Scarcely was he landed, when the leaders of every faction flocked about him to strengthen themselves with his suffrage. In the midst of this fluctuation, Bonaparte felt the necessity of speedily bringing into port the leaky vessel of the state; and, like another Alexander, resolved to cut the gordian knot, and take upon himself an immense responsibility, as well as an immense glory, by seizing, with a firm and steady hand, the reins of the state.

To have effected this change in a regular way, Bonaparte should have concerted it with the legislative body; but the slowness of formality might have baffled a revolution now become indispensable.

The 18th Brumaire was fixed on; and a small number of deputies assembling on the 16th at the house of Lemercier, president of the council of ancients, determined on the mode of execution. The day arrived, the council of ancients, by eight o’clock in the morning, issued a decree, by which the legislative body was transferred to St. Cloud, charged general Bonaparte with its execution, and placed their guards and all the troops of the seventeenth division under his orders. The decree was notified to him at his house in Rue des Victoires, where he was surrounded by a numerous staff. He immediately set off for the Tuileries, and there read the decree of the council.

When he had finished it, he addressed the representatives as follows:

“Citizen Representatives,

“The republic was perishing you; you were acquainted with it, and your decree must ensure its safety.

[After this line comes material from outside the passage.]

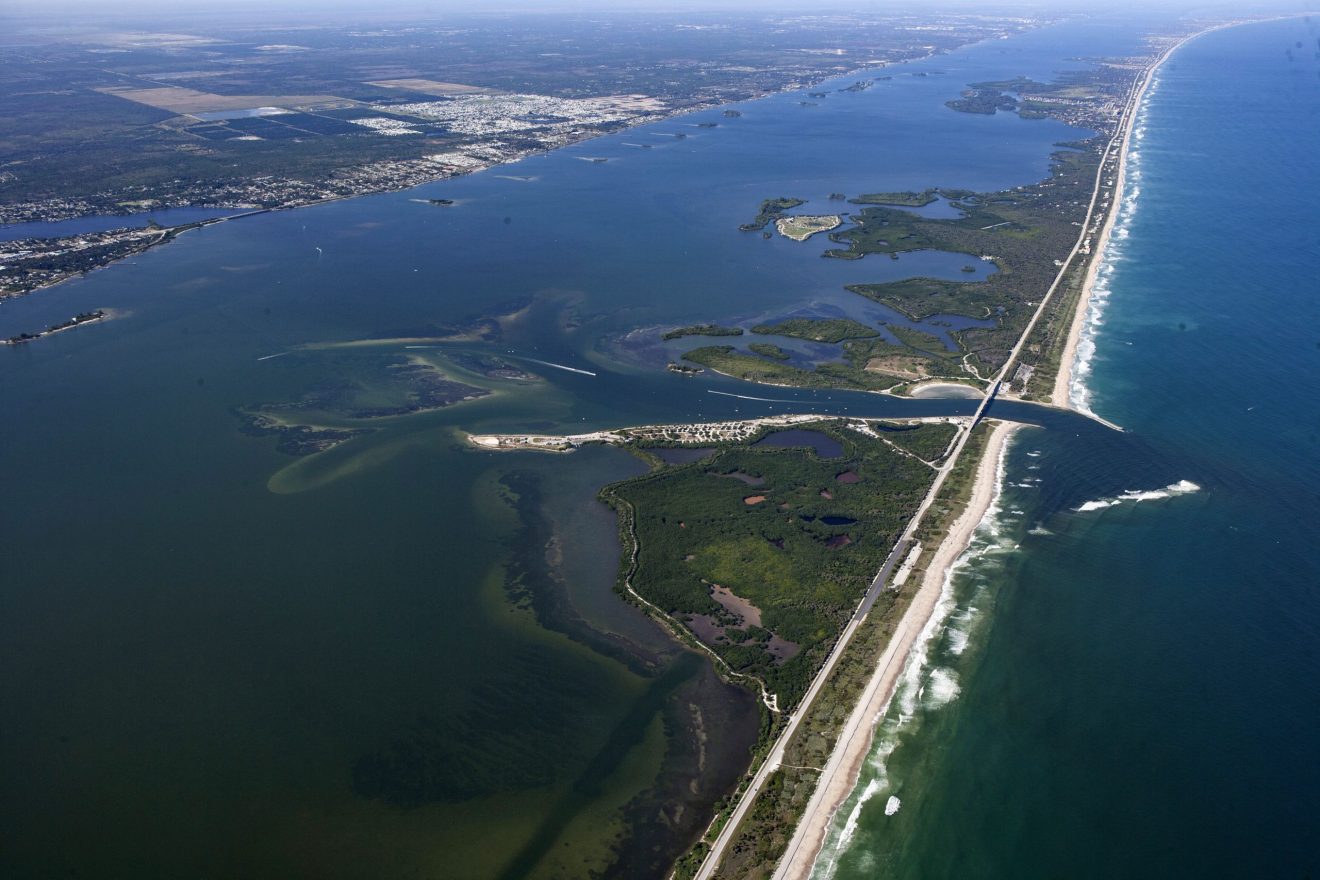 Photo of New Study of Sebastian Inlet Confirms Link Between Sea Level, Sand Volume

Woe be it to them who wish to trouble and confuse it! I will take care to secure them, and generals Lefebvre and Berthier, with all my companions in arms, will lend me their assistance. Let them not revert to the past for examples to retard your progress: there is nothing in history to equal the end of the eighteenth century.
“Your wisdom has issued the decree; our arms shall put it in execution. We will have a republic founded on the right basis, on civil liberty, and national representation: we will have it, I swear! I swear it on my own name, and in that of my fellow-soldiers!”

At eleven o’clock the gates of the Tuileries were shut. Bonaparte reviewed the troops about the palace, which at a distance resembled the appearance of a camp.

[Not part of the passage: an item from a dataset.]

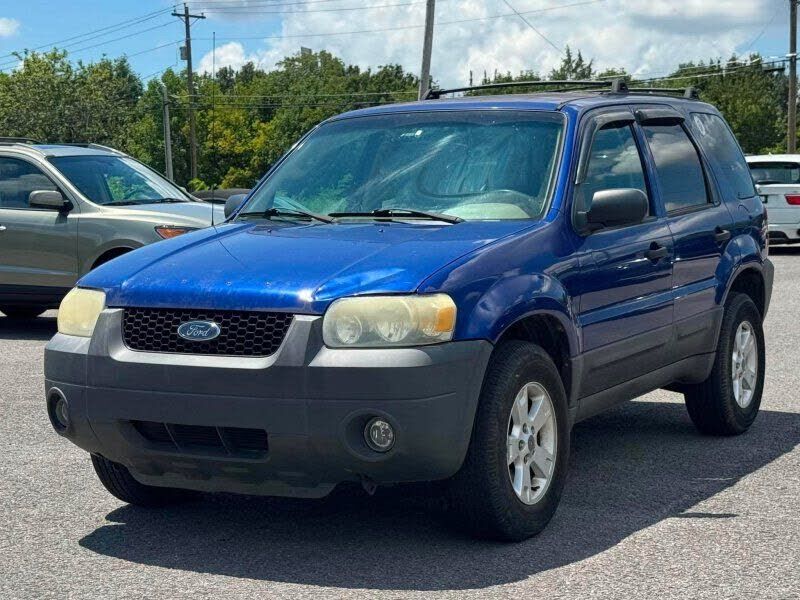 2005 FORD Escape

The proclamation which he addressed to the troops stationed in Paris, is one of those strong and persuasive pieces of eloquence, which history will hand down to latest posterity; the ideas press on each other with rapidity; the kind of figure he makes use of, is best adapted to develope them, and to strike the imagination with greater effect.

“In what state,” said he, “did I leave France? – In what state have I found it! I left you in peace, and I find war! I left you conquests, and the enemy are passing your frontiers! I left your arsenals well supplied, and you are without arms: your cannon have been sold; robbery has been reduced to system; and the resources of the state are drained: recourse has been had to vexatious means, repugnant alike to justice and good sense: the soldier has been left without defence. Where are those heroes, the hundred thousand comrades whom I left covered with laurels?- what is become of them? – Alas, they are no more! . . . .”

On the news of the unexpected fitting of the council of ancients, the directory called an extraordinary meeting. Three out of the five, Barras, Gohier, and Maulin, were at the palace of the Luxembourg; the other two, Sieyes and Roger Ducos, had gone about nine o’clock to the commission of inspectors of the ancients. The directory, wishing to be informed of the cause of the tumult, sent for the ministers and military commandant of Paris: they came: the military commandant answered, that an irrevocable decree, which had just been issued, invested Bonaparte with the supreme command of all the troops in Paris; that he was now only a subaltern, and that they must address themselves to Bonaparte for any information they required.

The three directors, no longer supported by public force, perceived authority dropping from their hands. The reports which successively reached them, were sufficient testimonies that their reign was inevitably passed.

At noon, Barras sent his resignation to Bonaparte, by his secretary Botot.
While the latter was gone in search of him, the ex-director waited in a coach, at a short distance from the council of ancients, to hear the result of his message. Bonaparte was in the chamber of inspectors, when Botot asked to speak with him to execute his mission. He delivered the resignation, and enquired in a low voice, what Barras had to expect from him. Tell that man, answered Bonaparte, that I will see him no more; and that I will cause the authority I am invested with to be respected (2) .
Barras, notwithstanding, obtained leave to retire to his superb estate of Gros Bois, with a guard of thirty dragoons for his safety.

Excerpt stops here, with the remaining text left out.